• _WORK TASK_
The lines to return are the one containing "3rd Grade student" and all that follow it in the entries below, duplicated exactly and nothing else.

• _RECORDS SUPPLIED_
□ □ □
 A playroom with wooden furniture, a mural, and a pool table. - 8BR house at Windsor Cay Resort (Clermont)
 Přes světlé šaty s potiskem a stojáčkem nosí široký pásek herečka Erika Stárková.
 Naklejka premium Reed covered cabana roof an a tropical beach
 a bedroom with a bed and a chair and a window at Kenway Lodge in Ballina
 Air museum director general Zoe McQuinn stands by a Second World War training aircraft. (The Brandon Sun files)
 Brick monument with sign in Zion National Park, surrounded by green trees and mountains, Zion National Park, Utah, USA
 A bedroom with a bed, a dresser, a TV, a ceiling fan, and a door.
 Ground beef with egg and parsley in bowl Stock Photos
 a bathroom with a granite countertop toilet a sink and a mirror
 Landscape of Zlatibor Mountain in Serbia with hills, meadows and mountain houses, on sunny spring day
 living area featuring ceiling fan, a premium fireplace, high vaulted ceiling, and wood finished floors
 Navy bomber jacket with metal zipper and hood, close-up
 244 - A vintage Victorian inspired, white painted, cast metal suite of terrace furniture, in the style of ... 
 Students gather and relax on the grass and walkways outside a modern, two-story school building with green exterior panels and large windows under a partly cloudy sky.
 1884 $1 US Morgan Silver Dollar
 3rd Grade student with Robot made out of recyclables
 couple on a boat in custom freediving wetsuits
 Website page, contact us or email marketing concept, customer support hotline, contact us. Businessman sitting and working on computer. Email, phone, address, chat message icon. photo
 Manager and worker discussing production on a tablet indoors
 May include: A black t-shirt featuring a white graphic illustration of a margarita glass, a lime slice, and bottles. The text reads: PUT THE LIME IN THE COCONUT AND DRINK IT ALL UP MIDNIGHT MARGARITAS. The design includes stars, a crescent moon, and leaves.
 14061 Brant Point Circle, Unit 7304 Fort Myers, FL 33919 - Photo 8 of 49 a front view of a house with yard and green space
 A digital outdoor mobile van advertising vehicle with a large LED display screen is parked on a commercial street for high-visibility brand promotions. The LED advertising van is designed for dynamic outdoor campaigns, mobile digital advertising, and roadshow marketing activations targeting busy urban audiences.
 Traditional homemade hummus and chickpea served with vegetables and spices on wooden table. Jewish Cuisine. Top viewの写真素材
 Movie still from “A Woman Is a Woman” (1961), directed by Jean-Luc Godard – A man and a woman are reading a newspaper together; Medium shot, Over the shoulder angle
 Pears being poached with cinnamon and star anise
□ □ □
• _EXPECTED OUTPUT_
 3rd Grade student with Robot made out of recyclables
 couple on a boat in custom freediving wetsuits
 Website page, contact us or email marketing concept, customer support hotline, contact us. Businessman sitting and working on computer. Email, phone, address, chat message icon. photo
 Manager and worker discussing production on a tablet indoors
 May include: A black t-shirt featuring a white graphic illustration of a margarita glass, a lime slice, and bottles. The text reads: PUT THE LIME IN THE COCONUT AND DRINK IT ALL UP MIDNIGHT MARGARITAS. The design includes stars, a crescent moon, and leaves.
 14061 Brant Point Circle, Unit 7304 Fort Myers, FL 33919 - Photo 8 of 49 a front view of a house with yard and green space
 A digital outdoor mobile van advertising vehicle with a large LED display screen is parked on a commercial street for high-visibility brand promotions. The LED advertising van is designed for dynamic outdoor campaigns, mobile digital advertising, and roadshow marketing activations targeting busy urban audiences.
 Traditional homemade hummus and chickpea served with vegetables and spices on wooden table. Jewish Cuisine. Top viewの写真素材
 Movie still from “A Woman Is a Woman” (1961), directed by Jean-Luc Godard – A man and a woman are reading a newspaper together; Medium shot, Over the shoulder angle
 Pears being poached with cinnamon and star anise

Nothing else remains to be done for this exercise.